Onondaga
Long before present-day Syracuse dominated the lake that bears their name, the Onondaga lived in this area. Onondaga means “hill people”, and there are certainly plenty of those in the region. If you look at a map of the area, you see that there’s another dominant feature in this region: water. Lake Ontario is just to the north and west of Lake Onondaga. The finger lakes are southwest. And the Mohawk River cuts an East-West corridor from Albany to roughly Lake Oneida, which connects to Lake Onondaga via the Oneida and Seneca Rivers. This network of waterways was a superhighway for native populations, and later for Basque and French traders, and eventually British colonists and the waves of settlers who followed them. Salt production was a major industry for early settlers to the Syracuse area as they tapped into the massive natural deposits around the southern part of Lake Onondaga.

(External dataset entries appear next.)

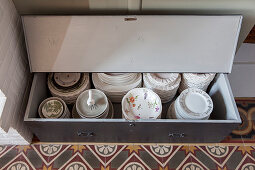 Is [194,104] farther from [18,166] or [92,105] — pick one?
[18,166]

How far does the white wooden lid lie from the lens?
0.99 meters

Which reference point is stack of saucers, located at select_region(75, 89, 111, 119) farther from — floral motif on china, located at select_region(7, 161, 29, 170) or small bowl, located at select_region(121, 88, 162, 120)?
floral motif on china, located at select_region(7, 161, 29, 170)

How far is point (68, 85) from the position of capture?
111 centimetres

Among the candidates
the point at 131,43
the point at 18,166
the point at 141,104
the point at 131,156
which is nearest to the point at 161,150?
the point at 131,156

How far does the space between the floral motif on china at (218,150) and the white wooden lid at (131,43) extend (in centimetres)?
35

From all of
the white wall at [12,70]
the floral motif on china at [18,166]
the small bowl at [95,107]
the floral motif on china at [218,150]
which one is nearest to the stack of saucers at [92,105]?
the small bowl at [95,107]

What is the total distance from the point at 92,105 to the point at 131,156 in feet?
0.95

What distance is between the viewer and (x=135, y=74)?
1122mm

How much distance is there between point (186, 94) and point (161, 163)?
1.03 feet

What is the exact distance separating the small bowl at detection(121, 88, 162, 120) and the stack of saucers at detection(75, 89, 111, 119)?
80 mm

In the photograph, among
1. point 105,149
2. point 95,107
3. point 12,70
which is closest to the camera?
point 12,70

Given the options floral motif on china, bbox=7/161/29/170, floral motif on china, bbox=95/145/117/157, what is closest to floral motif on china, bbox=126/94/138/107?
floral motif on china, bbox=95/145/117/157

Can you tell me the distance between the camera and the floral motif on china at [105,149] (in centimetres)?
115

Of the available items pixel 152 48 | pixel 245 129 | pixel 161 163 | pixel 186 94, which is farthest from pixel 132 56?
pixel 245 129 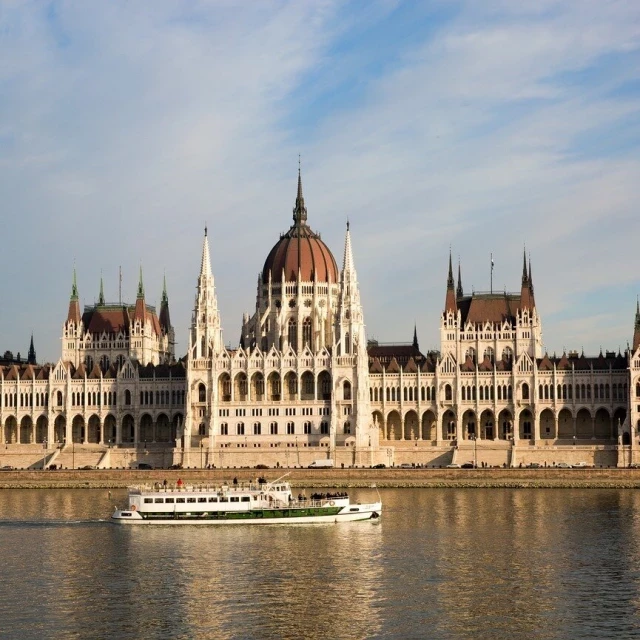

In my fourth year of crew, I rowed on Lake Onondaga in the summer of 1988 in the Intercollegiate Rowing Association Regatta. This regatta was memorable for me for a few reasons. That year Northeastern University had an accident on the way to the regatta and their rigger was killed. The Heavyweight Men went on to win the IRA’s that year, and I witnessed the race. To say Northeastern was a sentimental favorite after that event is an understatement.
When you drive down I-90 you cross the lake outlet between the Seneca River and Lake Onondaga where Syracuse has their boathouse. This is where we launched during the IRA’s and I still have vivid memories of my time there that bubble to the surface whenever I cross this outlet in the daylight.
The Onondaga were one of the five original tribes in the Iroquois Nation. The Oneida and Mohawk were to their East, and the Seneca and Cayuga were to their West. So the Onondaga as the middle tribe were the logical “keepers of the fire” for the five nations.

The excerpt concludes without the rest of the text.